PROBLEM TO WORK ON:
Verbatim, and with nothing else, reproduce the data below from its first line through the line containing "The Lamps Are".

INPUT RECORDS section start

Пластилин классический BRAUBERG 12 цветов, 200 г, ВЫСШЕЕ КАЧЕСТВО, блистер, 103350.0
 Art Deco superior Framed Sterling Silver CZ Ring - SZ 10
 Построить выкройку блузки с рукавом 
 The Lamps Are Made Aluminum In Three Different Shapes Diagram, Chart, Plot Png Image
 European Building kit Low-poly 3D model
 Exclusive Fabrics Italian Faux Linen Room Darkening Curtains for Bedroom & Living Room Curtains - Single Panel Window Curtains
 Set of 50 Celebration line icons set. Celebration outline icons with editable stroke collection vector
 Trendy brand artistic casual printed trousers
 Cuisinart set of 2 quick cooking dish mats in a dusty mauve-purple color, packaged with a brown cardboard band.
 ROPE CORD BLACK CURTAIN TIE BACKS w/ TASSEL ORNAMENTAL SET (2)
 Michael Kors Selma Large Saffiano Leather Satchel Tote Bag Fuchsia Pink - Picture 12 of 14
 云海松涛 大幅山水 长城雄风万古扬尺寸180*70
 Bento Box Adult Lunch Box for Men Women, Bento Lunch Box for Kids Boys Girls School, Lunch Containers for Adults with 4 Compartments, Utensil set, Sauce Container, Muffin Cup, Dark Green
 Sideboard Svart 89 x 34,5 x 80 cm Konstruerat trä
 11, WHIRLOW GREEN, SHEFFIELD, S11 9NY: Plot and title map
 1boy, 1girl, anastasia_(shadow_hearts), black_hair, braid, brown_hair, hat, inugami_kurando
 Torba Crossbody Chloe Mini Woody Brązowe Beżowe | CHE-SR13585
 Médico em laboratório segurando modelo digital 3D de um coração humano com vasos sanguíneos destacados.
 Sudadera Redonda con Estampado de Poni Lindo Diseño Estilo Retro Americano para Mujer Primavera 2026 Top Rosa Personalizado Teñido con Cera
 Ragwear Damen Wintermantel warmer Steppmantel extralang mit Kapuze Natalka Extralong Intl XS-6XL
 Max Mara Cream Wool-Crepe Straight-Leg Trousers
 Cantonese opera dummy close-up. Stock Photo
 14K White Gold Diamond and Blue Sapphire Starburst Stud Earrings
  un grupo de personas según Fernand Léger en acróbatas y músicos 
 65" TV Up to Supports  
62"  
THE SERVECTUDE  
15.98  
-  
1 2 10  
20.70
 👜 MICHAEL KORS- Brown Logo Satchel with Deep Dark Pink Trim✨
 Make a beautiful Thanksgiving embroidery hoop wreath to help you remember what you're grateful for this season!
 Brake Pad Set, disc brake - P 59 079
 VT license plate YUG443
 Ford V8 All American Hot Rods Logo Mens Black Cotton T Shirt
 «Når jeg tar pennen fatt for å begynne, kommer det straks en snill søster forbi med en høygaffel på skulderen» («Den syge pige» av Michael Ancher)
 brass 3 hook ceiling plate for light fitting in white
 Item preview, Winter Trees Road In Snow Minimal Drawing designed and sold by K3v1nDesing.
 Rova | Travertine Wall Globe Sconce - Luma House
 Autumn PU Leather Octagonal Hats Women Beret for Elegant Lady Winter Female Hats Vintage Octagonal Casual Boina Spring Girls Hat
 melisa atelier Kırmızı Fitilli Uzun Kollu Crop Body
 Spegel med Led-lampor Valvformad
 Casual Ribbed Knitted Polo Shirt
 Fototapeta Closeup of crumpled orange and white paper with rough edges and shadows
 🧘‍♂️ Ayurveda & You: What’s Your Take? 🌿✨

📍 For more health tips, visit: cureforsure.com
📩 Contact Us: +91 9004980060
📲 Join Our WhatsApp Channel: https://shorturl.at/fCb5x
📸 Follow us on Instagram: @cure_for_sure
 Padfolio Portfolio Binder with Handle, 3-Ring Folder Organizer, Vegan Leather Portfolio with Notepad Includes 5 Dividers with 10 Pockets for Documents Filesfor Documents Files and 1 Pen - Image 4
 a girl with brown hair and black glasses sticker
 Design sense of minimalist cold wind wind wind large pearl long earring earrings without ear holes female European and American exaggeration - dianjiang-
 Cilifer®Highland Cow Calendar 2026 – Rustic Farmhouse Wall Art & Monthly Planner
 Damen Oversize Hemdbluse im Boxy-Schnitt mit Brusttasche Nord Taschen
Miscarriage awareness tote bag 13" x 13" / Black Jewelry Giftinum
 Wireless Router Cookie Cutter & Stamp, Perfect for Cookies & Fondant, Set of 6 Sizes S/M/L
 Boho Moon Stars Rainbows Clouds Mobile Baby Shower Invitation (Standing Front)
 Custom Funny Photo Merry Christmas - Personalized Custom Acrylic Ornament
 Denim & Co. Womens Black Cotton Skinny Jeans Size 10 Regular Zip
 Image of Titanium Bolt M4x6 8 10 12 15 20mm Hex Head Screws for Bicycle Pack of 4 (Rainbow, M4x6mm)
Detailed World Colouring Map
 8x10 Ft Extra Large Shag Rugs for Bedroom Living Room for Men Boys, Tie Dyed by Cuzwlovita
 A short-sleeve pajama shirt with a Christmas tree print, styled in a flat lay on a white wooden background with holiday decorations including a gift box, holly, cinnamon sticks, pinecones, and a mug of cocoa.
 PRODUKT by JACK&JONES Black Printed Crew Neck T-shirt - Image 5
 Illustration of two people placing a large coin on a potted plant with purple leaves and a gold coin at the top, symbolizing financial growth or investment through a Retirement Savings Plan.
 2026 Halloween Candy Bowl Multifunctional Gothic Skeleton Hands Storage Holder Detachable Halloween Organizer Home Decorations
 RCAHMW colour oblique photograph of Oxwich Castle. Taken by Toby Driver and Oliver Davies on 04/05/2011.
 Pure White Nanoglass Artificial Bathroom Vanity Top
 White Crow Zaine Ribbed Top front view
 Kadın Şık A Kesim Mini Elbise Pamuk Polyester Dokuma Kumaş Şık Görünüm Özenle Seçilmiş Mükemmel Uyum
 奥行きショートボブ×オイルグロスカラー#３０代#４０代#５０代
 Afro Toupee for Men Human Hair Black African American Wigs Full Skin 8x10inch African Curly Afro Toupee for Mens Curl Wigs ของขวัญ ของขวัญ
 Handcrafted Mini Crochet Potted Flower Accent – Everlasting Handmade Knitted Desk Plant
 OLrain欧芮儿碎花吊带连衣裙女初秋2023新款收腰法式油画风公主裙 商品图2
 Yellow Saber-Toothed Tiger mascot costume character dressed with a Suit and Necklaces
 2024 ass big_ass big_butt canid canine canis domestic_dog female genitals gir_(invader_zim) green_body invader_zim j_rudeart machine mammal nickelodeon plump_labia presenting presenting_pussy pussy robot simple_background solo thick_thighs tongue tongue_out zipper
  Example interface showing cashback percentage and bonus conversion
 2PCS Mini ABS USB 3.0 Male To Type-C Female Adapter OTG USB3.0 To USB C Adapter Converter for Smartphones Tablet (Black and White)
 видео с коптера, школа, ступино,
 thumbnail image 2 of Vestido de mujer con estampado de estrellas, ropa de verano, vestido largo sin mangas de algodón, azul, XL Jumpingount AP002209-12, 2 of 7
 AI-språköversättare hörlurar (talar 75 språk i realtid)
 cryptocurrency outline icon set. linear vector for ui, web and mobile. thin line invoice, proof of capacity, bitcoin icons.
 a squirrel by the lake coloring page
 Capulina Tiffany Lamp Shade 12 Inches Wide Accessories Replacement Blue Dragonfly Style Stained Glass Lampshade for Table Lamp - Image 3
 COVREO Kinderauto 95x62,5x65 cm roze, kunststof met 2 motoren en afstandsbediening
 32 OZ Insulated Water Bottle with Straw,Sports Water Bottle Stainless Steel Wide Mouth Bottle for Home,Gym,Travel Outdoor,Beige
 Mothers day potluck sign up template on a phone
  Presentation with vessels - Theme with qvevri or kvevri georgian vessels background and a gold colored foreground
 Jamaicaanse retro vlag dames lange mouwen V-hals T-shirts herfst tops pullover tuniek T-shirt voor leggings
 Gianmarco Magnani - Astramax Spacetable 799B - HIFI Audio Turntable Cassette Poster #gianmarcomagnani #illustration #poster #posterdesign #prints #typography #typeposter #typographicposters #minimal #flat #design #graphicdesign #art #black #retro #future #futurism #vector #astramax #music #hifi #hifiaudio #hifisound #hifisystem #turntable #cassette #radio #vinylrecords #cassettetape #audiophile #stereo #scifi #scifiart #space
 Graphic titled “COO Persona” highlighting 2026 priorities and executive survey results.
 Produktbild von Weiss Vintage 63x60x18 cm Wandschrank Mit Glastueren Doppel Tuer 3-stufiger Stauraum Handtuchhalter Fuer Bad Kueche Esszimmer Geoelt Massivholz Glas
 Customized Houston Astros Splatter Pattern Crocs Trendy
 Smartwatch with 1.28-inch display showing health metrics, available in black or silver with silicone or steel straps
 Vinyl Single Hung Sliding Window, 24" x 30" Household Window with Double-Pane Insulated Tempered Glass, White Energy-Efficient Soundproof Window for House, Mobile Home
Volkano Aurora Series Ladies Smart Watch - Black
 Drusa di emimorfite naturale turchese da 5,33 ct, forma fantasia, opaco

INPUT RECORDS section end

ANSWER TO THE PROBLEM:
Пластилин классический BRAUBERG 12 цветов, 200 г, ВЫСШЕЕ КАЧЕСТВО, блистер, 103350.0
 Art Deco superior Framed Sterling Silver CZ Ring - SZ 10
 Построить выкройку блузки с рукавом 
 The Lamps Are Made Aluminum In Three Different Shapes Diagram, Chart, Plot Png Image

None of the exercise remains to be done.